Consumer Storage Usability - Free the user from hassle
I’ve been in the PC world for a long time and I am still shocked at the footdragging by storage giants on many fronts and a lack of analysis into what consumers need from their storage devices.
For instance:
1. Make copying disk to disk stupid easy: less reliance on 3rd party apps. Save people time and headaches. Consumers don’t want to know the technical details or fiddle around with partitions and know what a MBR (master boot record) or even what a partition is.
2. Ease plugging in of hard drives into the front of the case, and ‘lobbying’ for PC case redesign. Right now hard drives COULD be installed inside a computer without opening up the case if hard drive cages were standardized across the case industry and one could simply slide a door on the front of the case and slide a hard disk in. It would take away a lot of the ‘geek’ factor and turn it into a more consumer friendly item.
3. Many devices still don’t make it easy to mirror or copy drives. Why does one, for instance, need Norton Ghost or Partition Magic when the storage industry could handle or offload many of these tasks from the user completely without the need for 3rd party vendors, except for exceptional cases? One could easily see the storage industry build such functionality into drivers or software and use their clout to get it included in all major versions of windows.

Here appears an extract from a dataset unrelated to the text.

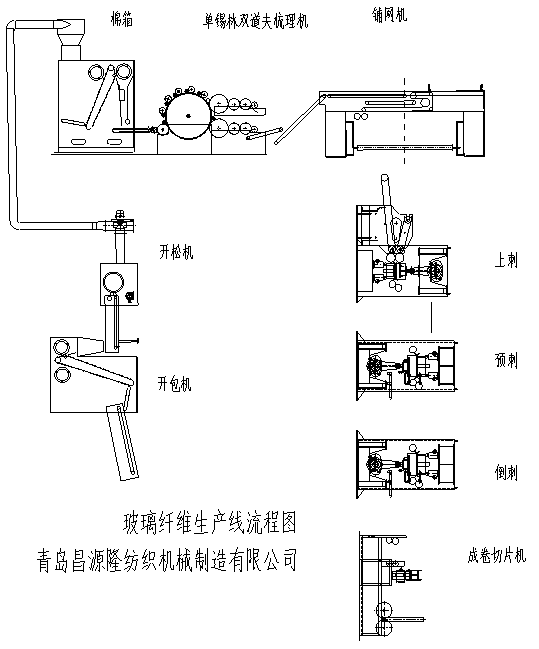 玻璃纖維氈設(shè)備/生產(chǎn)線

It’s 2008 and I still have to worry about either rebooting to DOS and using Ghost to make mirror images of my hard drive, or using really buggy versions of Ghost 12 or 14 for Windows XP/Vista. There is a huge market for offloading complexity to the those that know it best, and who better then the storage industry to know about how customers use their products? It’s about time the CEO of many major hard disk and storage companies learned something.